======== The records

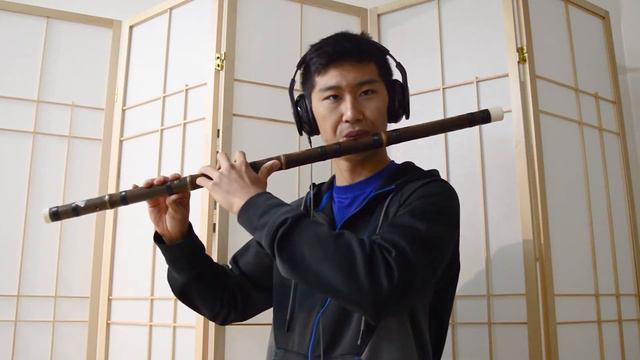 琴师 A Stringed Instrument Player - Dizi Cover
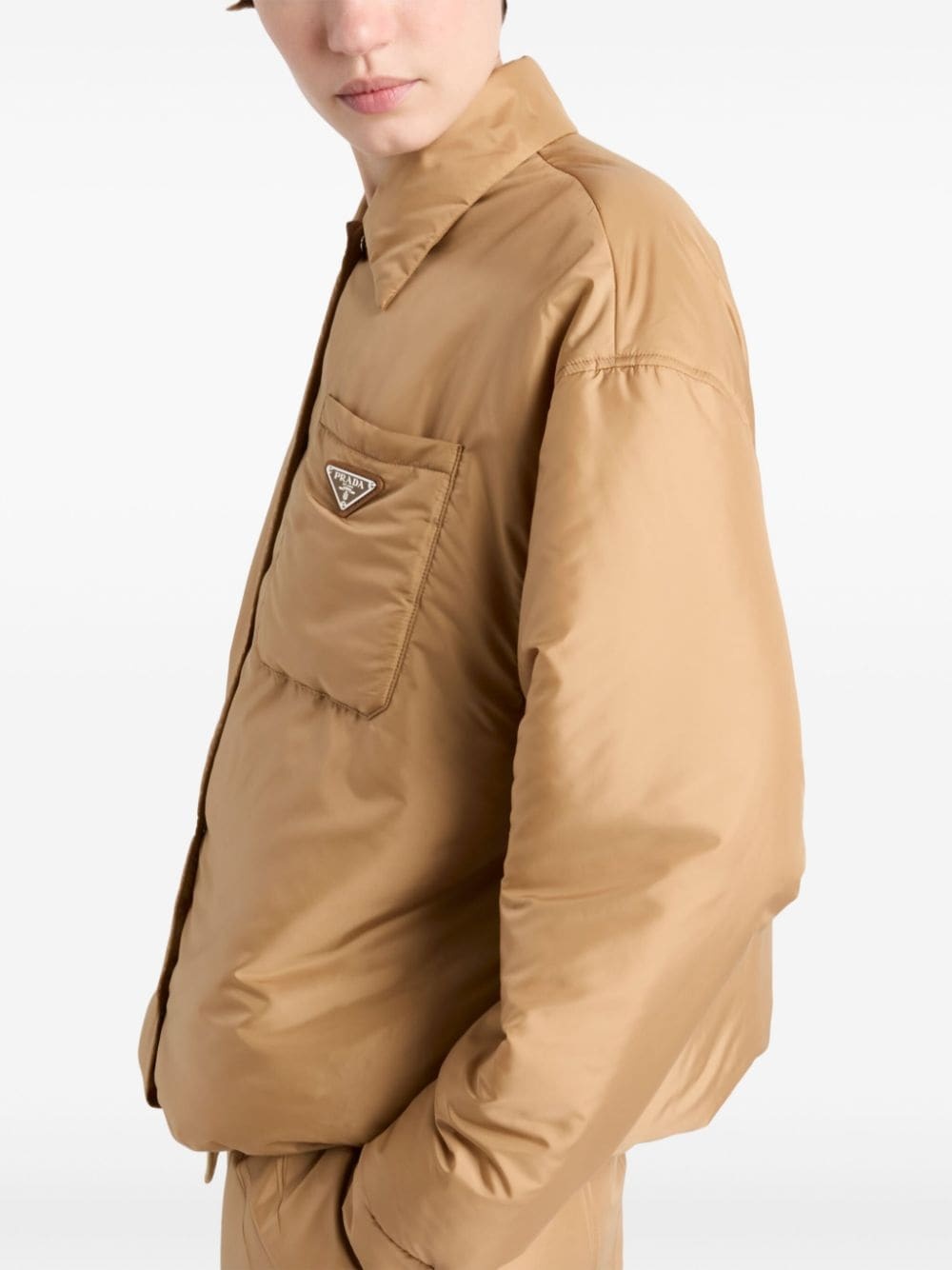 Re-Nylon bomber jacket - 5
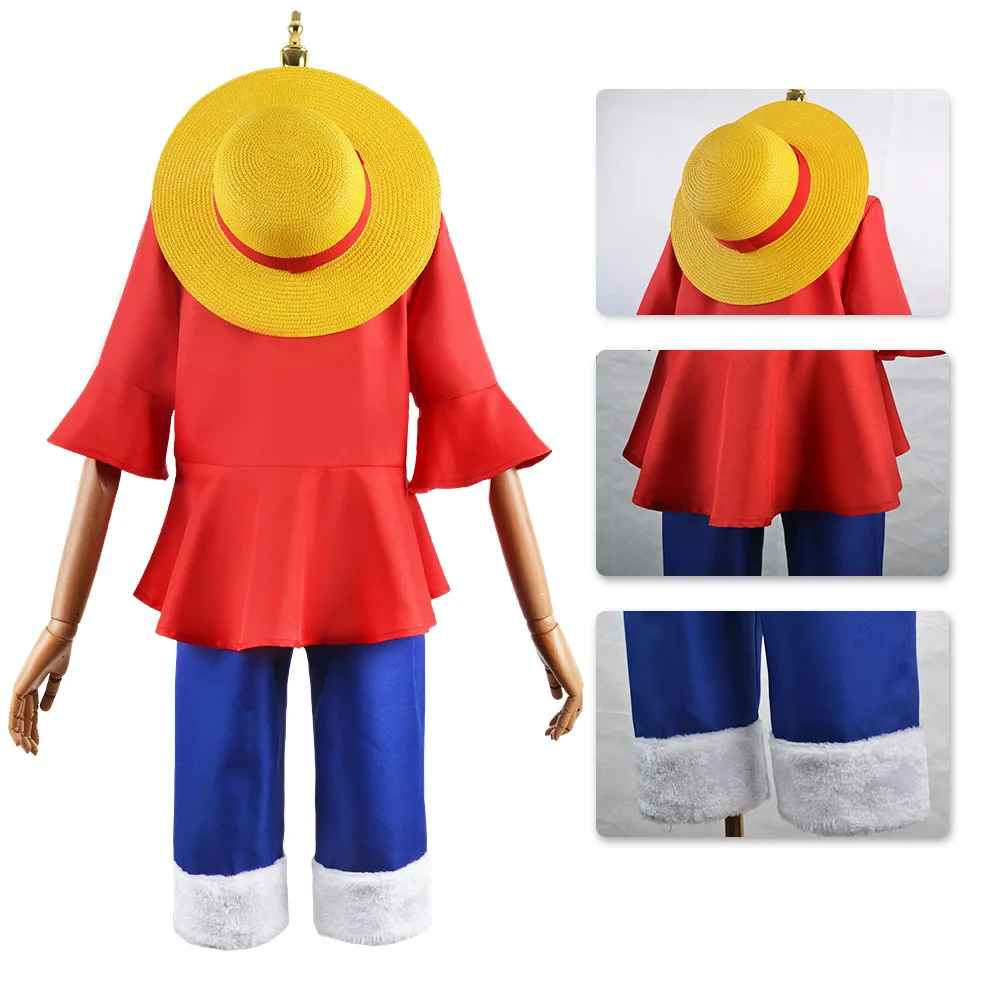 Costumi Cosplay Anime Monkey D - Anime Cosplay Pics recensione e prezzo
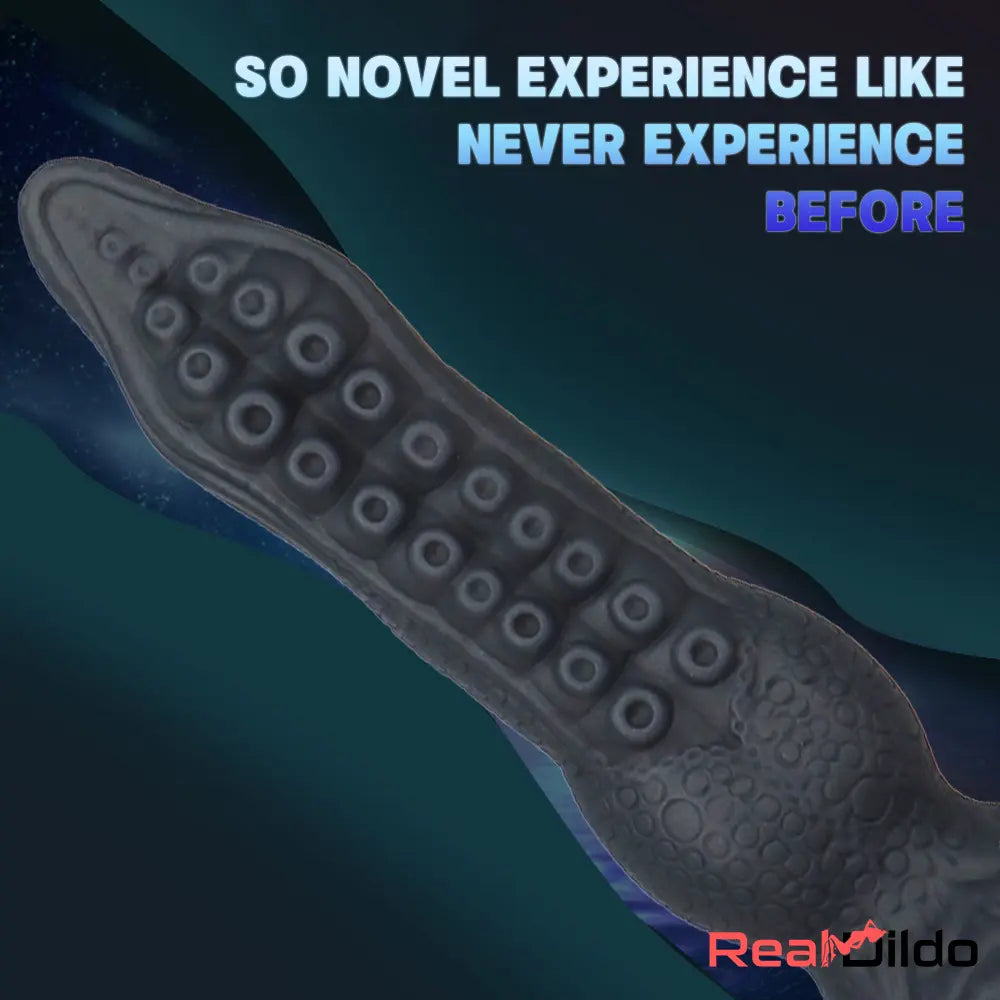 7.08in 9.06in 10.24in 11.81in Octopus Tentacles Odd Silicone Skin Feeling Dildo - Real Dildo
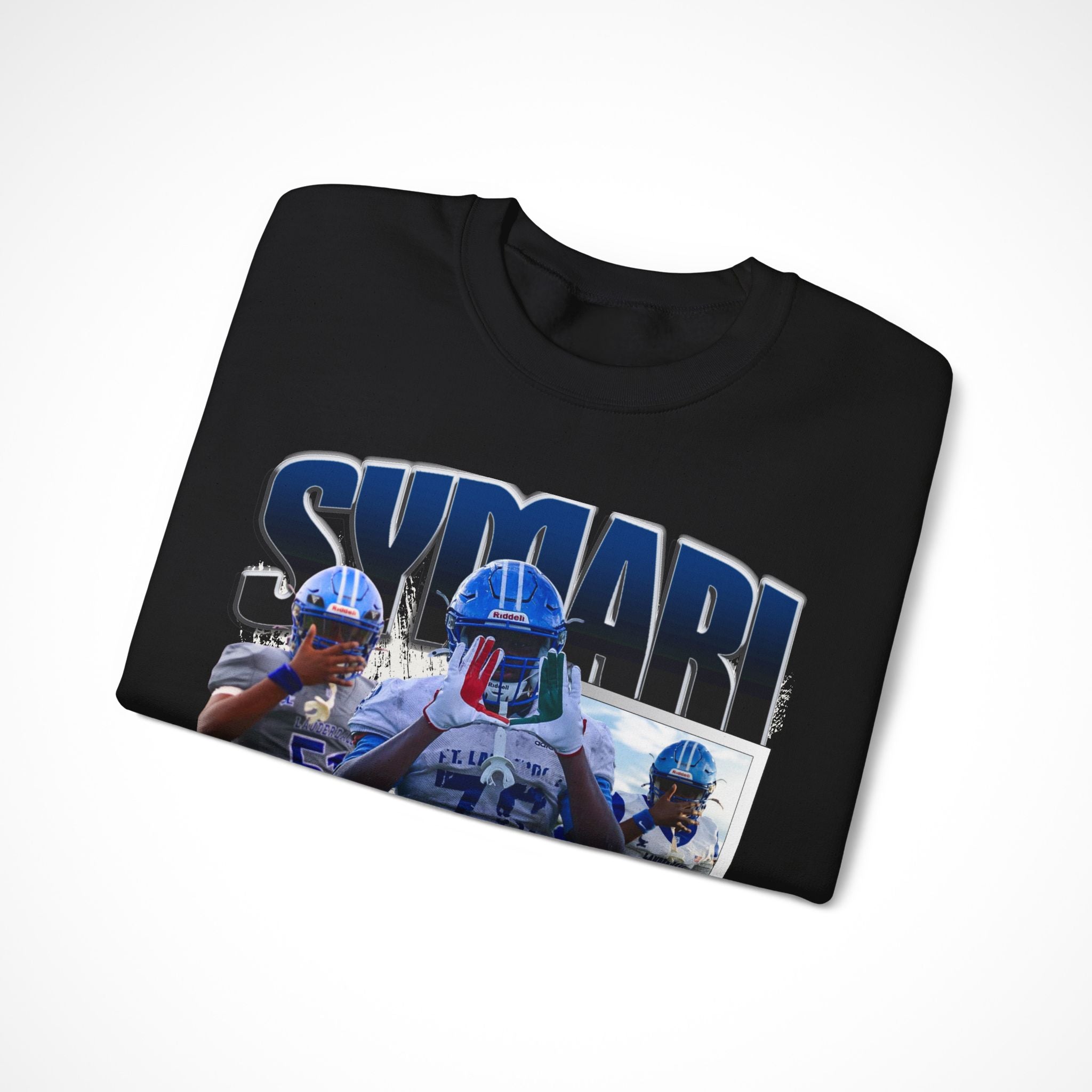 Symari Milner Graphic Crewneck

================

» **Task instructions**:
Skip the pictures and print exactly the lines from the one containing "Costumi Cosplay Anime" through the end of the records above.

» **Answer box**:
 Costumi Cosplay Anime Monkey D - Anime Cosplay Pics recensione e prezzo
 7.08in 9.06in 10.24in 11.81in Octopus Tentacles Odd Silicone Skin Feeling Dildo - Real Dildo
 Symari Milner Graphic Crewneck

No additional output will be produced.